The backlash comes at a time of heightened fear among Jewish New Yorkers, following antisemitic vandalism in Queens, hostile demonstrations outside synagogues, and rising concern over anti-Israel rhetoric spilling into intimidation of Jewish communities.
Mamdani’s post turned a complicated and painful history into political messaging that casts Israel’s birth as a singular act of wrongdoing while ignoring the war launched against it and the Jewish refugee crisis that followed.
A New York City mayor has a responsibility to speak with historical balance, especially in a city with the largest Jewish population outside Israel.
Mamdani, you should focus on New York. You’re doing a fantastic job driving out business leaders and asking Governor Hochul for billions more in funding.
Aviva Klompas: “Shame on you Mamdani. This is political propaganda masquerading as compassion. Mamdani erases the fact that the Arab world rejected the UN’s partition plan which would have created a Palestinian state and instead launched a war to destroy the newborn Jewish state in 1948.

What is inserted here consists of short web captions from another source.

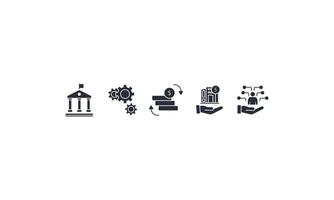 Asset management icons set vector
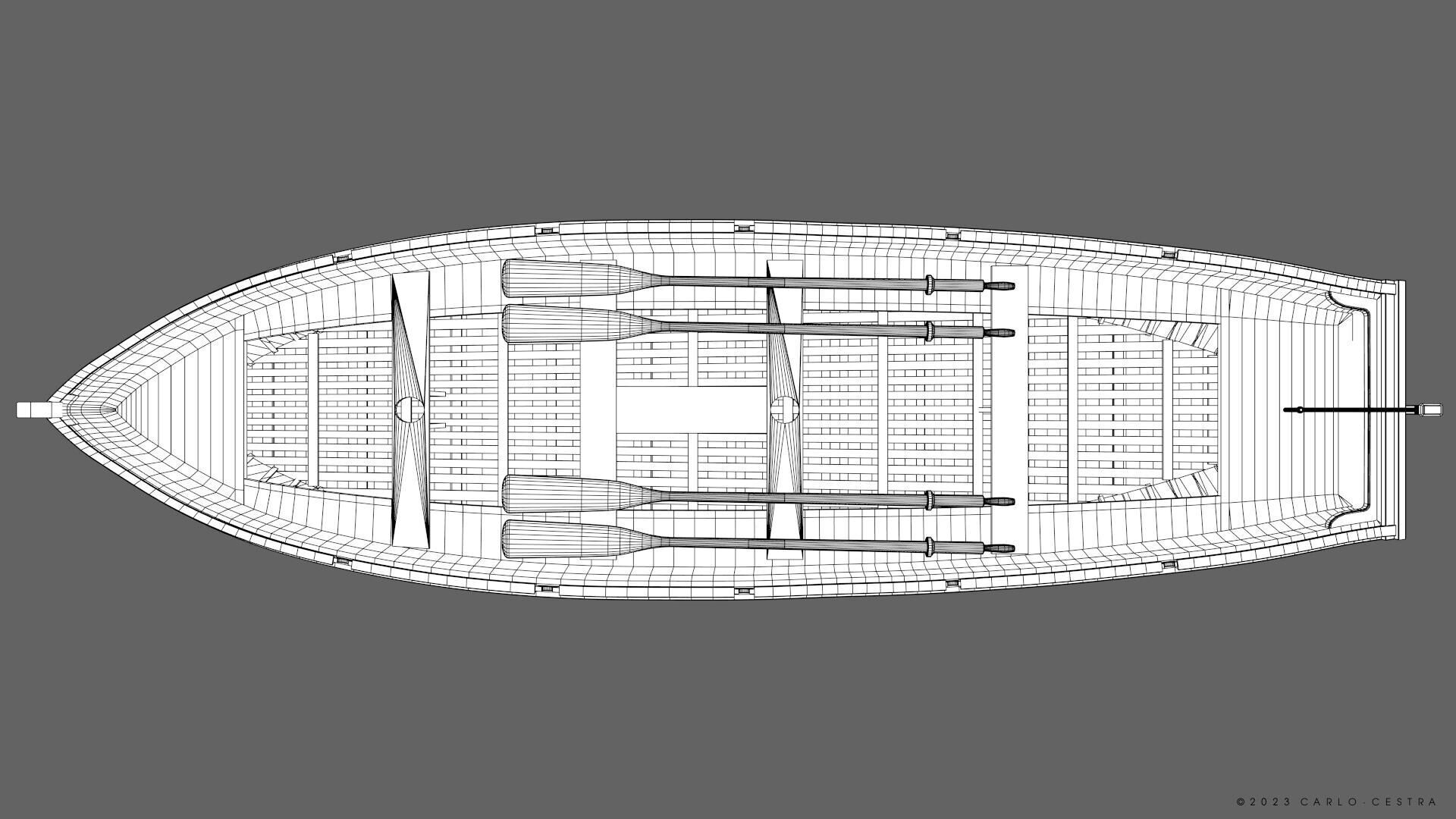 WW2 Italian 8m60cm Lifeboat Low-poly 3D model_33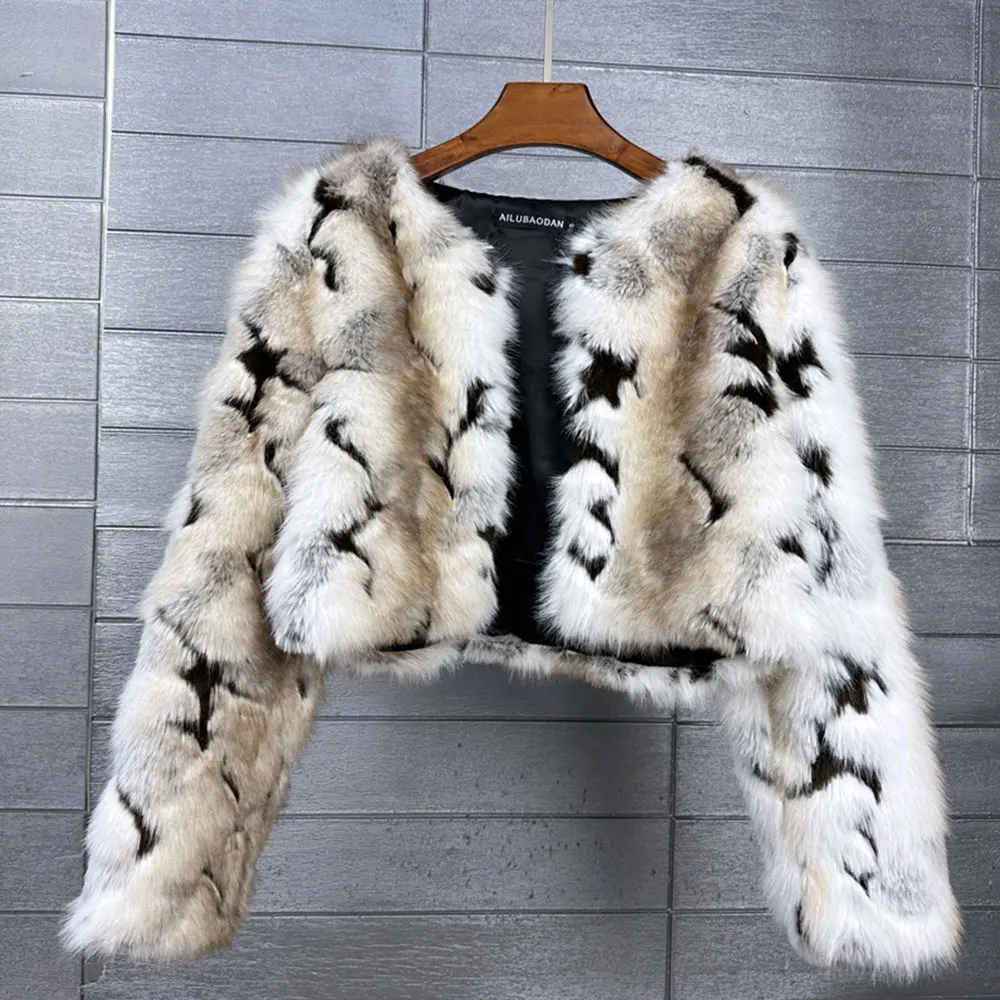 혼 버튼 숏 인조 여우털 코트 여성 겨울 플러피 재킷 레오파드 프린트 플러시 퍼 코트 플립 칼라 여성 아우터웨어 2024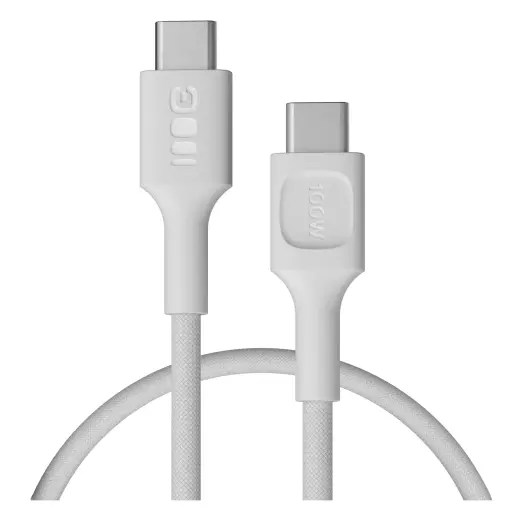 USB-C cable 0.3m 100W Greencell PowerStream Fast Charging PD Snow White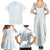 White Sunday Family Matching Summer Maxi Dress and Hawaiian Shirt Plumeria Tatau Mix Tapa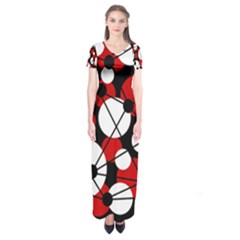 Red, Black And White Pattern Short Sleeve Maxi Dress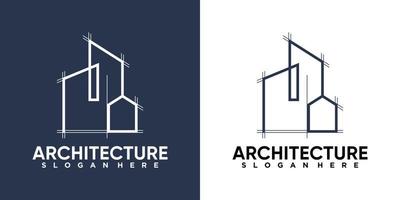 architecture logo design with style and creative concept vector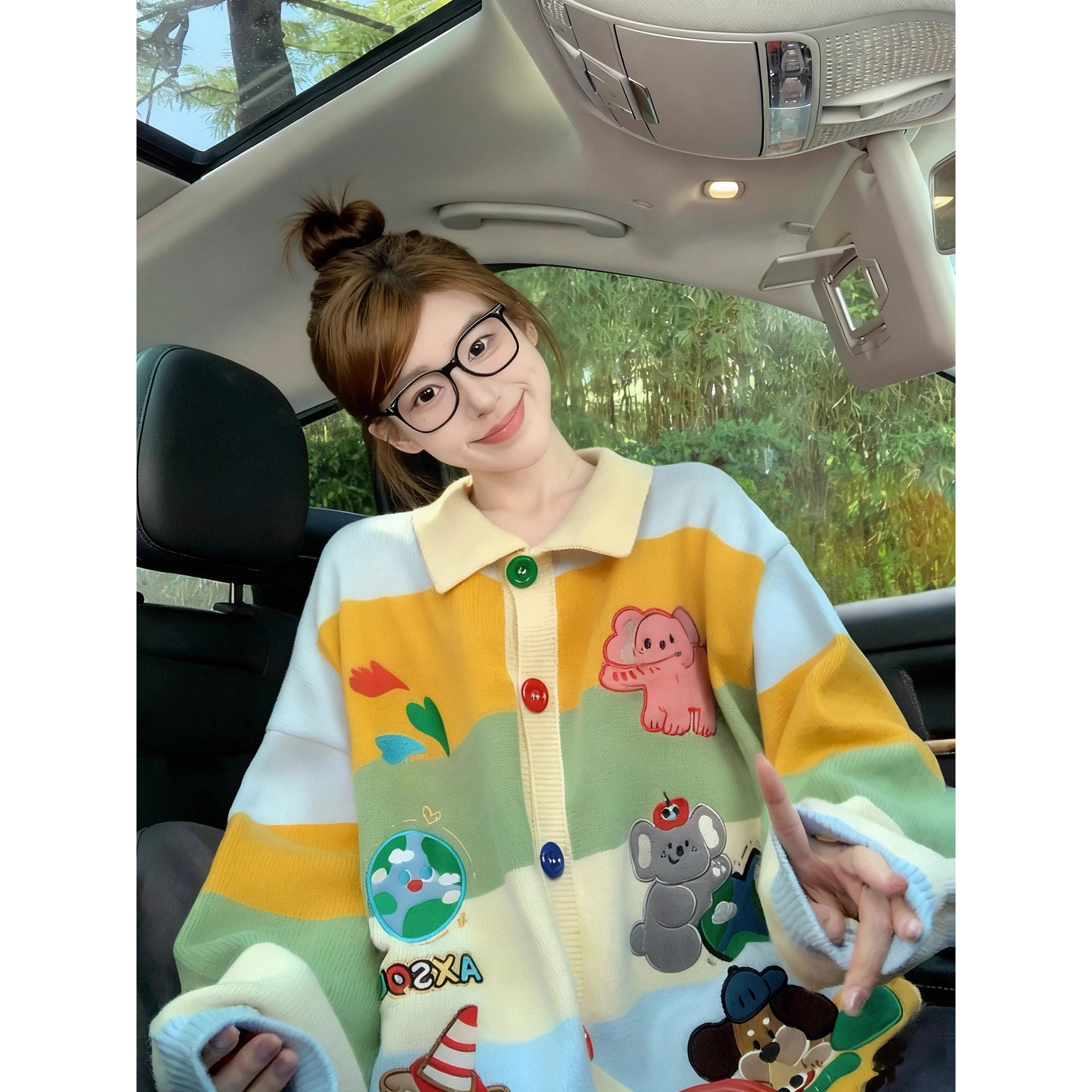 园园美衣刺绣毛衣开衫女2026新款秋冬复古减龄学院风翻领针织外套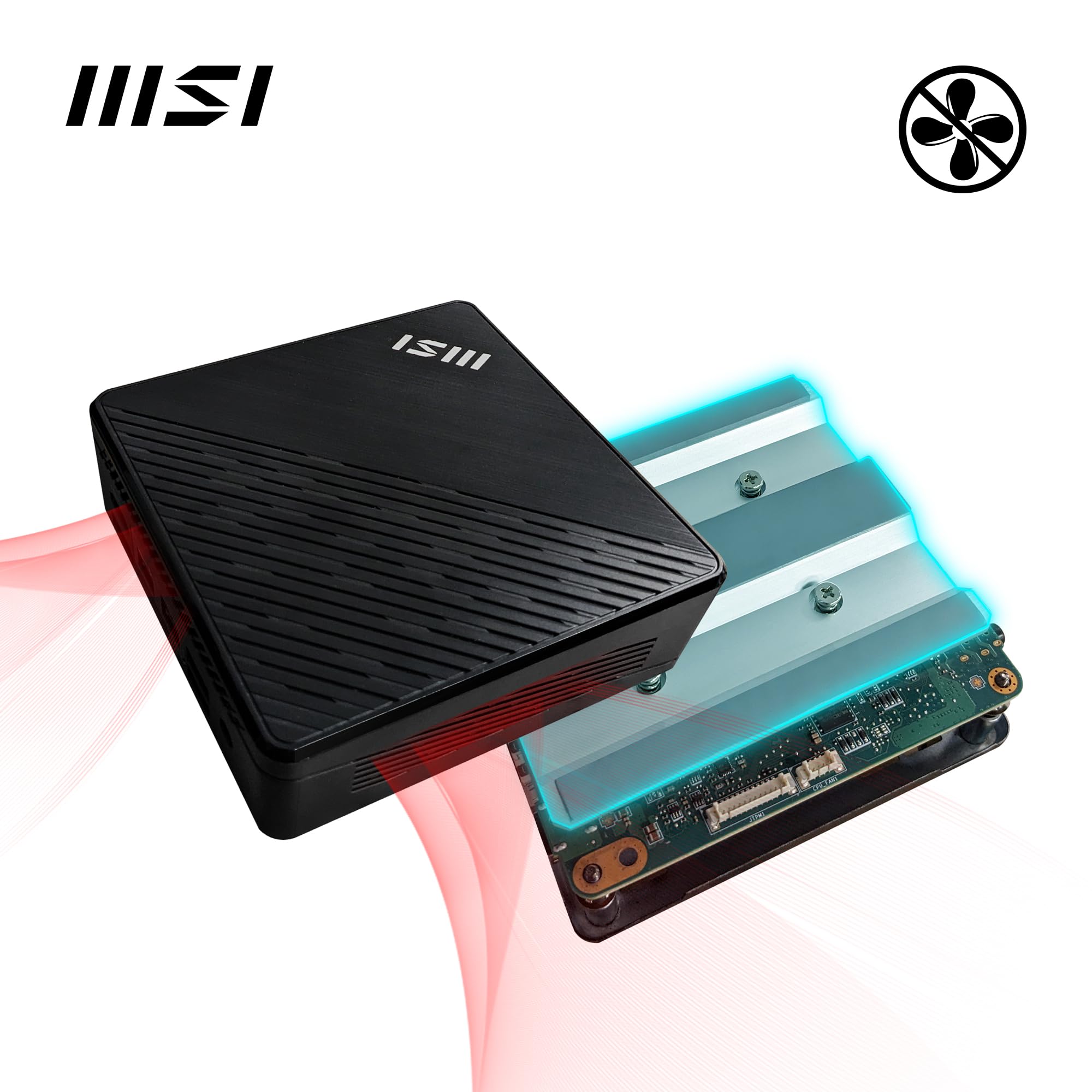 MSI Cubi N ADL S-080DE Mini-PC, Intel N200 Prozessor, 4GB DDR4, 128GB M.2 SSD, USB 3.2 Gen 2 Type C (DP Alternate), HDMI 2.1, DP 1.4, Bluetooth 5, Lüfterlos, Dual LAN, Windows 11 Pro, VESA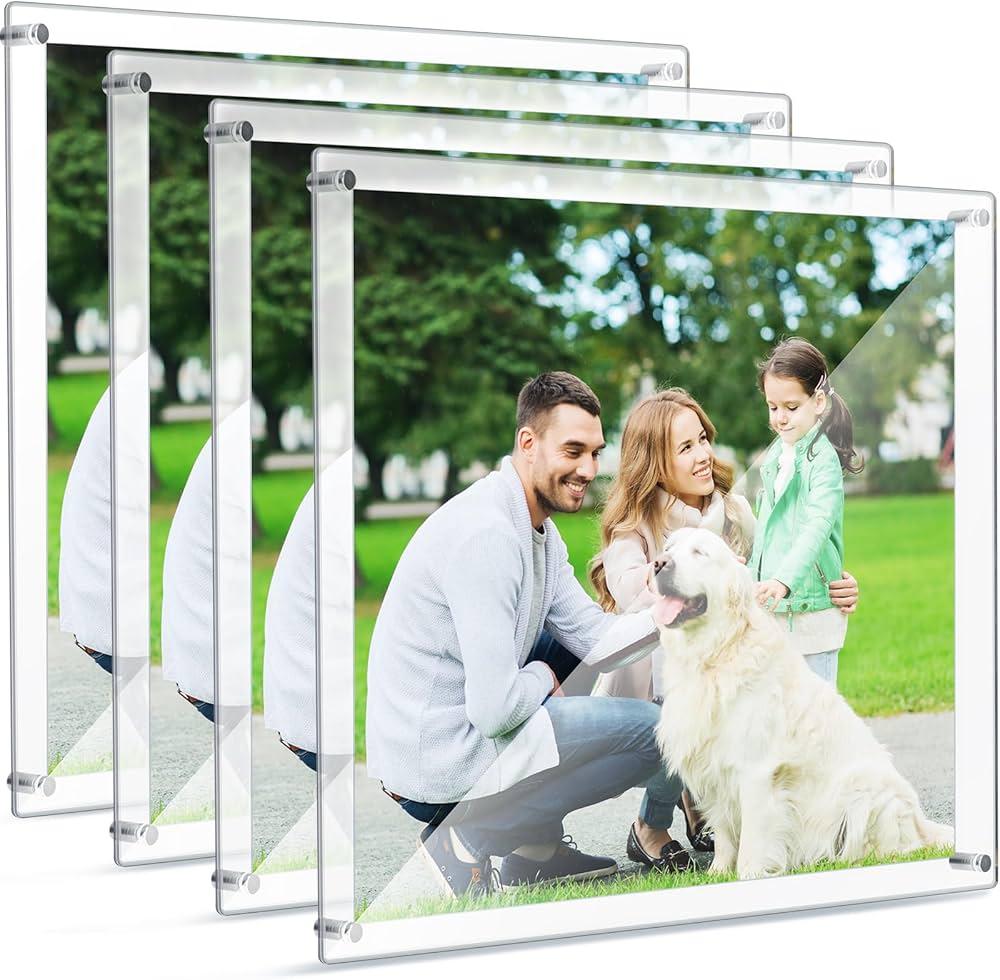 Pack of 4 Acrylic Floating Picture Frames 18 x 22 Inch Clear Picture Frame Bulk Wall Mount Double Panel Frameless Display Photography Collage Frame for Wall Office Home Living Room Decoration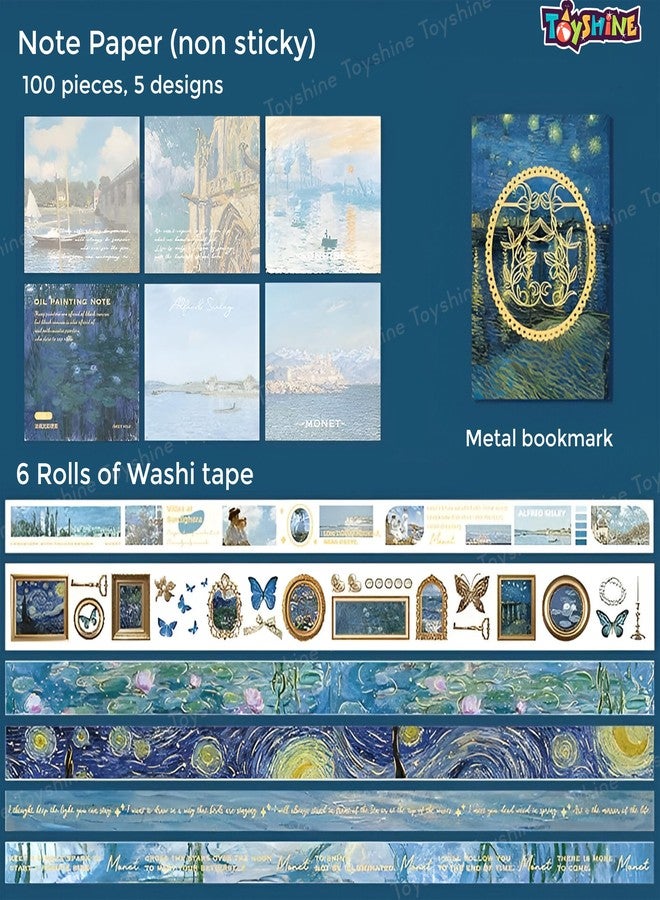 توي شاين مجموعة تدوين يوميات جمالية من توي شاين، دفتر ملاحظات ملون بتصميم عتيق بحجم B6، مثالي لتدوين اليوميات، ومجموعة قصاصات فنية مع ملصقات وأشرطة واشي، هدية فنية وحرفية للأطفال من الجنسين والمراهقين - أزرق، مصنوع من مادة PVC - Image 3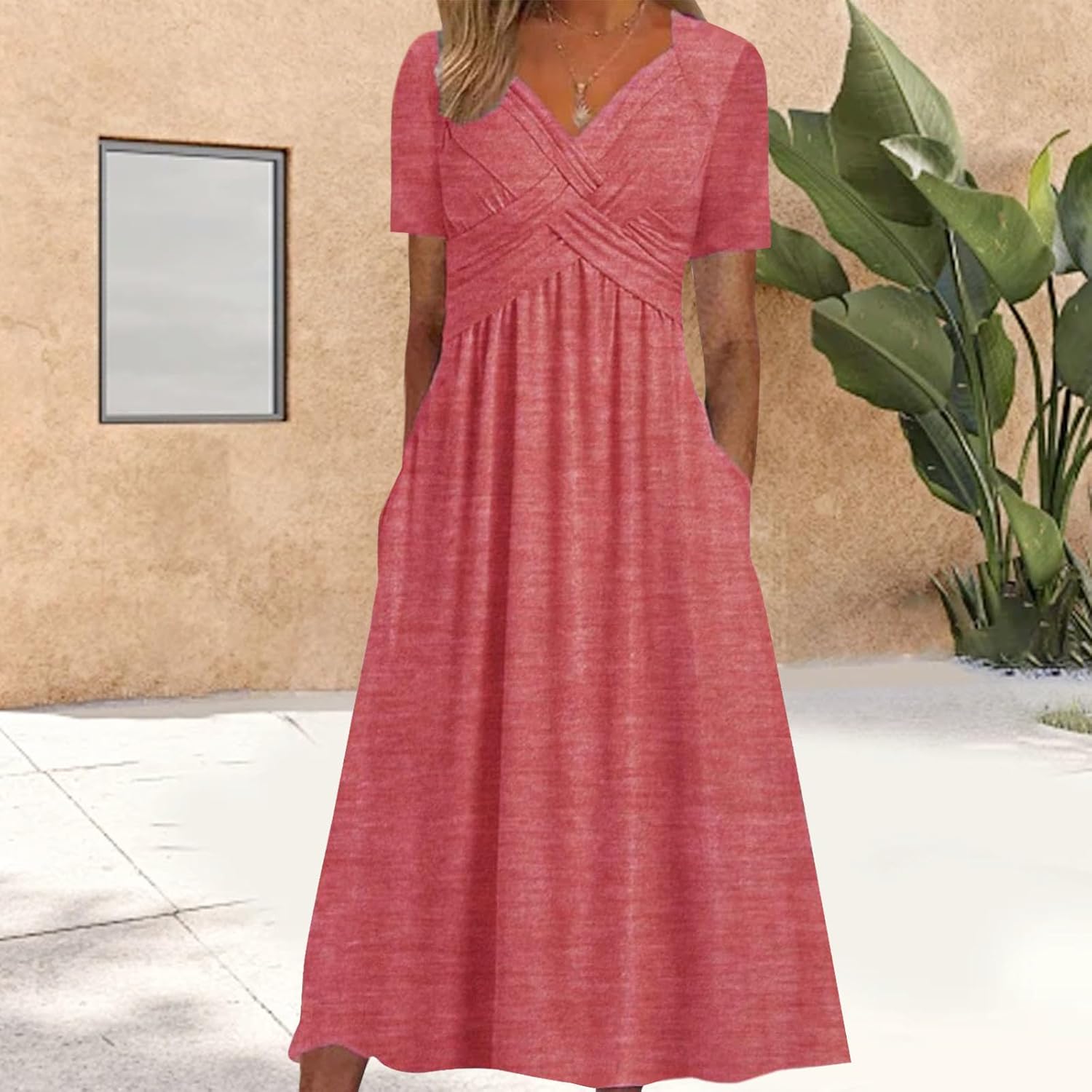 Zaswen V Neck Wedding Guest Dresses for Women Solid Color Summer Beach Vacation Dress Short Sleeve Pleated Dress with Pockets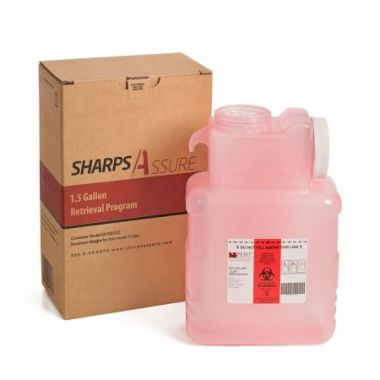 1.5 Gallon Assure Translucent Red Mailback Sharps Container, Horizontal/Vertical Entry - SA150GU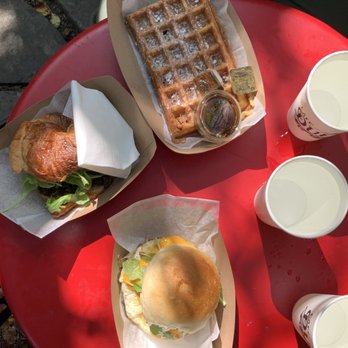 Cafe Duet - waffle, mushroom sandwich, breakfast sandwich - Cafes Near Me - Stroudsburg, Pennsylvania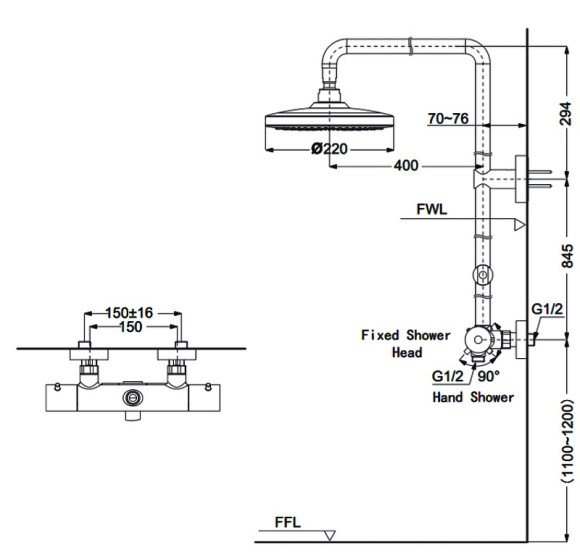 Душевая система Toto Showers TBW01404R с термостатом Хром Душевая система Toto Showers TBW01404R с термостатом Хром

He ignores that roughly 850,000 Jews were expelled or forced to flee Arab countries in the years that followed. And he presents “Nakba Day” as though it is about grief, when in reality it is a movement that rejects Israel’s existence (and along with it millions of Jews).
In a city where Jews are already facing rampant harassment and violence, this kind of one-sided historical revisionism fuels hostility toward Jews.”
Stop Antisemitism: “Nakba Day – on May 14, 1948 Israel declared its independence. A coalition of five Arab nations including Egypt, Jordan, Syria, Lebanon, and Iraq immediately declared war and invaded Israel.
Israel won the war. The Arab nations created a day to commemorate the embarrassing loss.”
Dr. Maalouf: “The so-called “Nakba” is when Arabs (not a single person identified as ‘Palestinian’ back then) started a war of extermination against Holocaust survivors and Jewish refugees from Muslim countries, and lost it. The UN had partitioned the land between Jews and Arabs (most of whom had only arrived after Jews developed the land). The Jews accepted it. The Arabs rejected it, started a war and lost it, and created a day to commemorate their pathetic loss.
Remember: For every Jew, there’s 125 Muslims. Muslims are not an oppressed minority, they are the oppressive majority and the real colonizers.”
The Mayor of NY City is commemorating the Nakba, when Arab countries lost a war they started with Israel, and the Palestinians rejected every deal for a Two State Solution for the last 78 years.